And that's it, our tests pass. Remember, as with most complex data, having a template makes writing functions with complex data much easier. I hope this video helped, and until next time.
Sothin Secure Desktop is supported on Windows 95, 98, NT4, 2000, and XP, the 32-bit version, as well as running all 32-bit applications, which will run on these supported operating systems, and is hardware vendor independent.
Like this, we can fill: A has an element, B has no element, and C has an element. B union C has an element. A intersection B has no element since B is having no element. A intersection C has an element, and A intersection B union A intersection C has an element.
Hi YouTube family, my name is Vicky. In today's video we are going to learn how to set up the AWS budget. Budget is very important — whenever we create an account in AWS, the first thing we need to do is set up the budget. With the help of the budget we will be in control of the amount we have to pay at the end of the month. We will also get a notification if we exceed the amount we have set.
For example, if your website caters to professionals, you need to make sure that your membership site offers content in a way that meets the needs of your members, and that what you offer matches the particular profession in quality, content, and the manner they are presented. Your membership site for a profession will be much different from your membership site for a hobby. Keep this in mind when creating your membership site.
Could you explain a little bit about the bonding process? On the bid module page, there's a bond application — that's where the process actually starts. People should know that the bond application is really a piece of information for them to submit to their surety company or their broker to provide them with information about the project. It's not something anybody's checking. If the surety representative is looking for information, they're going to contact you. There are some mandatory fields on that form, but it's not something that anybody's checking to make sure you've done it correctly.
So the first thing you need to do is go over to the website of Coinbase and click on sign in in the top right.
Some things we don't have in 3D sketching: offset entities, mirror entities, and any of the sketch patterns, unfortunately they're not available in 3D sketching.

* * *

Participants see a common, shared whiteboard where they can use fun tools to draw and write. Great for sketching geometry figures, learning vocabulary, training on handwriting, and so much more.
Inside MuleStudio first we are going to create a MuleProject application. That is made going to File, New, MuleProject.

* * *

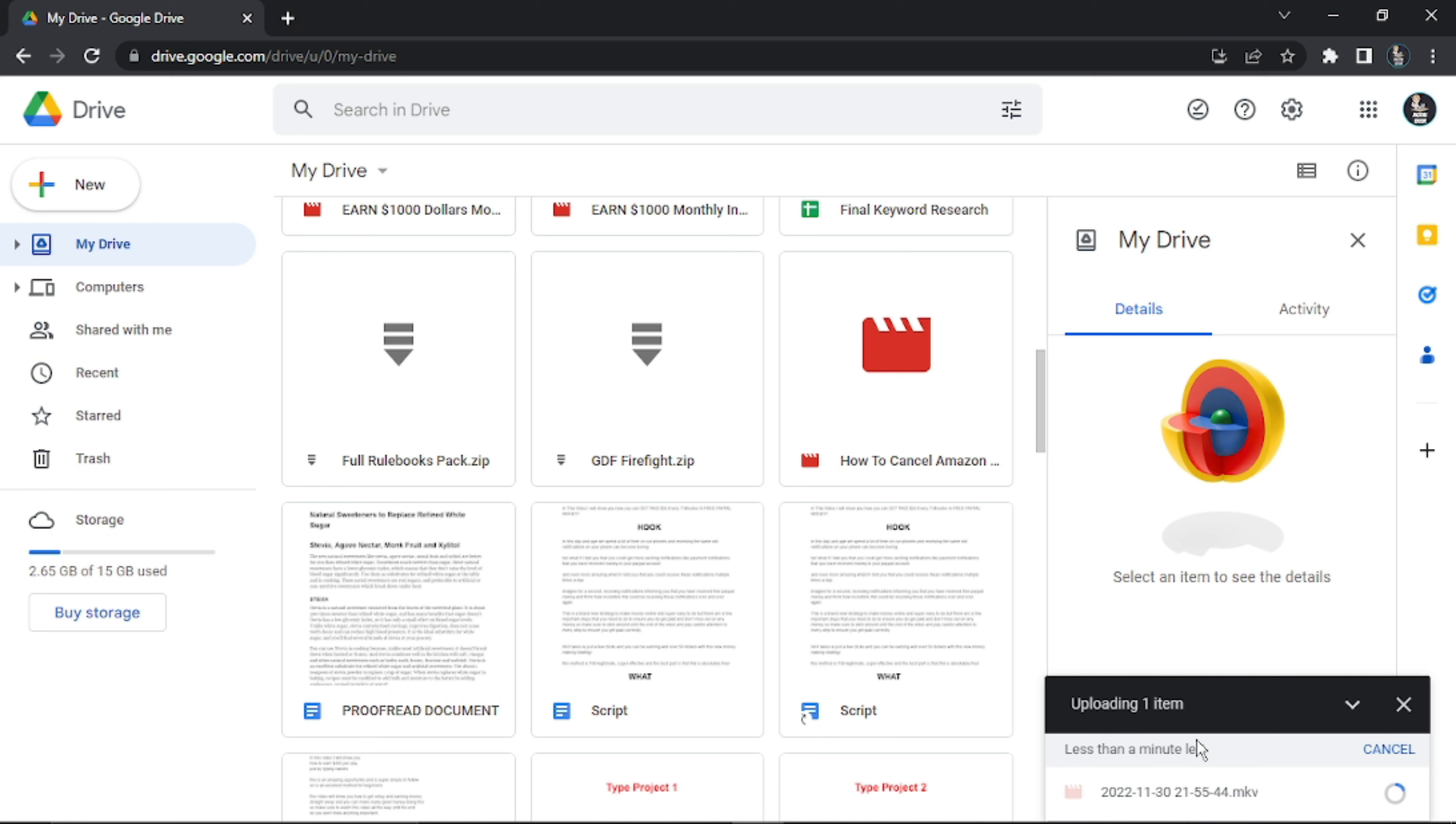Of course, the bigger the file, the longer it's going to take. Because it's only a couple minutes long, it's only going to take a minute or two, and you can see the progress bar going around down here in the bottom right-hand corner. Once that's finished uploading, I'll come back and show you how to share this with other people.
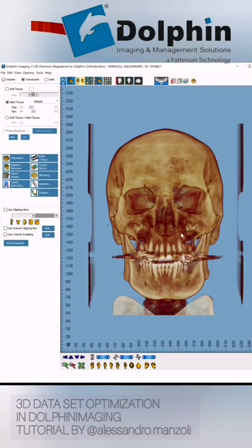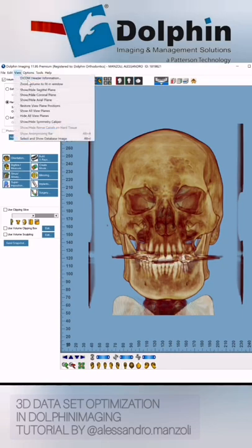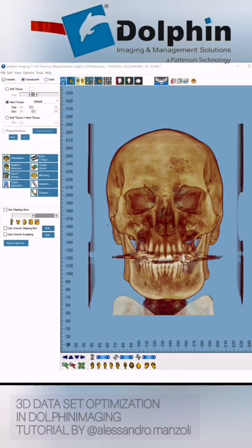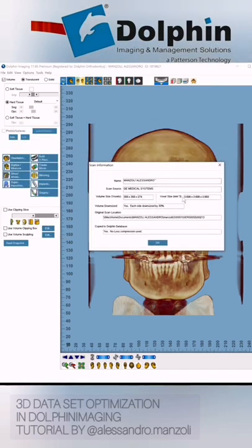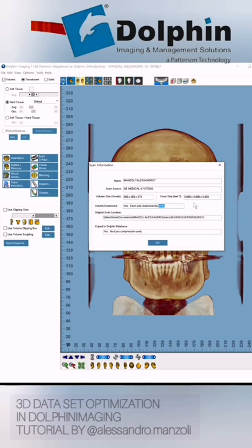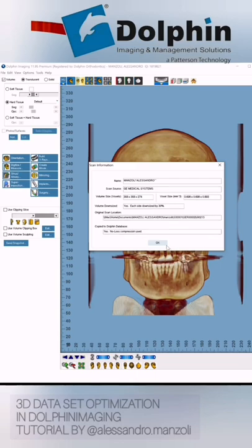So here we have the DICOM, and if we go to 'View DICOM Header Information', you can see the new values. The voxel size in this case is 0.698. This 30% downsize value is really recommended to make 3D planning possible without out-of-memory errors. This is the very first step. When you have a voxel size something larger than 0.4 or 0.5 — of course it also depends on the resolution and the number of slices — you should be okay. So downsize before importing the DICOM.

* * *

Task details:
Restate word for word only the lines above from the line containing "And that's it, our" to the line containing "For example, if", both of them included.

Exercise solution:
And that's it, our tests pass. Remember, as with most complex data, having a template makes writing functions with complex data much easier. I hope this video helped, and until next time.
Sothin Secure Desktop is supported on Windows 95, 98, NT4, 2000, and XP, the 32-bit version, as well as running all 32-bit applications, which will run on these supported operating systems, and is hardware vendor independent.
Like this, we can fill: A has an element, B has no element, and C has an element. B union C has an element. A intersection B has no element since B is having no element. A intersection C has an element, and A intersection B union A intersection C has an element.
Hi YouTube family, my name is Vicky. In today's video we are going to learn how to set up the AWS budget. Budget is very important — whenever we create an account in AWS, the first thing we need to do is set up the budget. With the help of the budget we will be in control of the amount we have to pay at the end of the month. We will also get a notification if we exceed the amount we have set.
For example, if your website caters to professionals, you need to make sure that your membership site offers content in a way that meets the needs of your members, and that what you offer matches the particular profession in quality, content, and the manner they are presented. Your membership site for a profession will be much different from your membership site for a hobby. Keep this in mind when creating your membership site.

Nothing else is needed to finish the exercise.